The indictment came just five days after President Donald Trump took to social media to demand that Comey be prosecuted, and three days after Trump installed a former aide as the prosecutor to bring the case.
Legal experts across the political spectrum describe this as an unprecedented political prosecution that breaks fundamental democratic norms and mirrors tactics used by authoritarian leaders worldwide.
As a professor of law, I think Comey’s indictment is momentous because it tests a principle that has protected American democracy for 50 years: Presidents should not direct prosecutors to charge their political enemies.
When leaders can abuse the justice system to target critics and investigators, the rule of law collapses.
An unconstitutional indictment
The evidence of political interference in Comey’s indictment is unusually strong. Trump waged an eight-year vendetta against Comey after the FBI investigated Russian interference in the 2016 presidential election.
On Sept. 20, Trump posted on Truth Social demanding prosecution: “What about Comey, Adam ‘Shifty’ Schiff, Leticia??? They’re all guilty as hell… We can’t delay any longer… JUSTICE MUST BE SERVED, NOW!!!”
After the indictment, Trump called Comey “one of the worst human beings this country has ever been exposed to.”
The Fifth Amendment protects against vindictive and selective prosecution. To prove vindictive prosecution, a defendant must show through objective evidence that the prosecutor acted with “genuine animus” and that the defendant would not have been prosecuted except for that hostility.
As the U.S. Court of Appeals for the 4th Circuit explained in United States v. Wilson in 2001, the government cannot prosecute someone to punish them “for doing what the law plainly allows him to do.” When circumstances create a realistic likelihood of vindictiveness, the burden shifts to the government to justify its conduct.
After Comey’s indictment, Jordan Rubin, a former prosecutor in the Manhattan D.A.’s office, stated: “If the Trump administration’s prosecution of James Comey isn’t ‘selective’ and ‘vindictive,’ then those words have lost all meaning.”

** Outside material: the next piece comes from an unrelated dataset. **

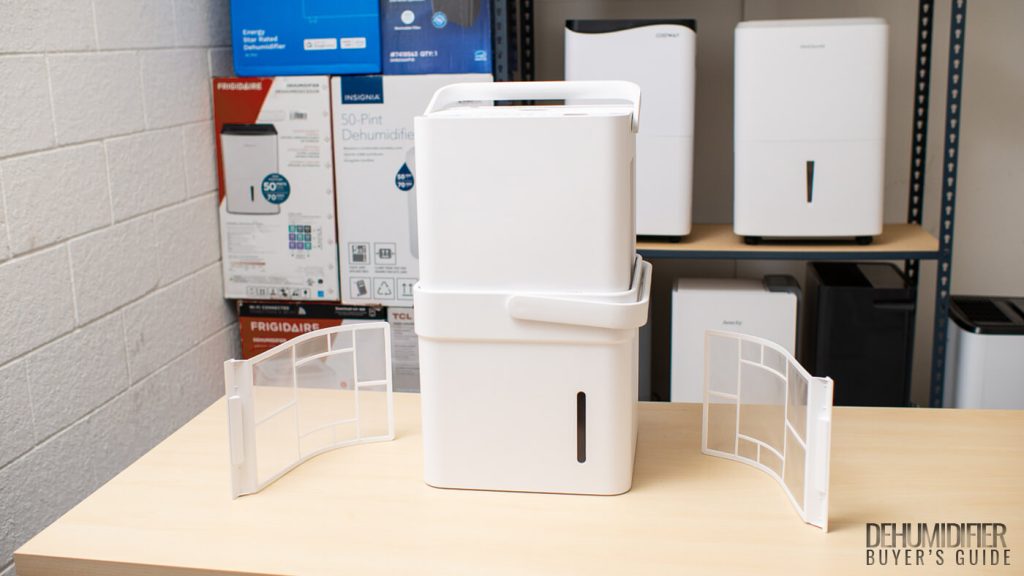 MAD20S1QWT filters removed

Additionally, three former White House ethics counsels – Norman Eisen, Richard Painter and Virginia Canter – wrote to Congress after Comey’s indictment, saying that in the U.S. “a president should never order prosecutions of his enemies. That happens in Putin’s Russia, and it has happened in other dictatorships, but not here. Until now.”
They concluded: “If the Trump administration can do this, then no American is safe from political prosecution.”
Broken judicial norms
For 50 years since the Watergate scandal that exposed President Richard Nixon’s abuses of power, American presidents have followed a core principle: They must not interfere in decisions about who gets investigated or charged, especially not for political reasons.
The Justice Department’s manual includes the post-Watergate requirement that legal judgments must be “impartial and insulated from political influence.”
The three former ethics counsels emphasized that during their service, they “never once saw” Presidents George W. Bush, Barack Obama or Bill Clinton “suggest that the Department of Justice should prosecute a specific person, much less a political adversary.”
Comey was indicted on two counts – one count of making a false statement to Congress and one count of obstruction of a congressional proceeding, both in connection with his testimony before a Senate committee in September 2020.
The allegations against Comey were reviewed multiple times. Special counsel John Durham examined them during Trump’s first term. Prosecutors with the U.S. attorney’s office in Washington, D.C., during the Biden administration called Comey to testify before a grand jury about allegedly using his friend Daniel Richman as a conduit to leak information to the press. And career prosecutors in 2025 under former U.S. Attorney Erik Siebert also reviewed the allegations. Everyone declined to charge Comey.
The procedural breakdown reveals how fundamentally this case violates norms.
Career prosecutors wrote a memo in September 2025 stating they could not establish probable cause to charge Comey. When Siebert refused to proceed, Trump removed him and installed Lindsey Halligan, Trump’s former personal defense attorney. She has no prosecutorial experience.
Three days later, Halligan brought the indictment. She signed it alone – no career prosecutors put their names on it, as is usually done. The grand jury rejected one of the three charges prosecutors tried to bring, a rare signal of weak evidence.
Comey’s son-in-law, Troy A. Edwards Jr., a federal prosecutor in the same office where Halligan now works, resigned immediately, stating he was leaving “to uphold my oath to the Constitution.”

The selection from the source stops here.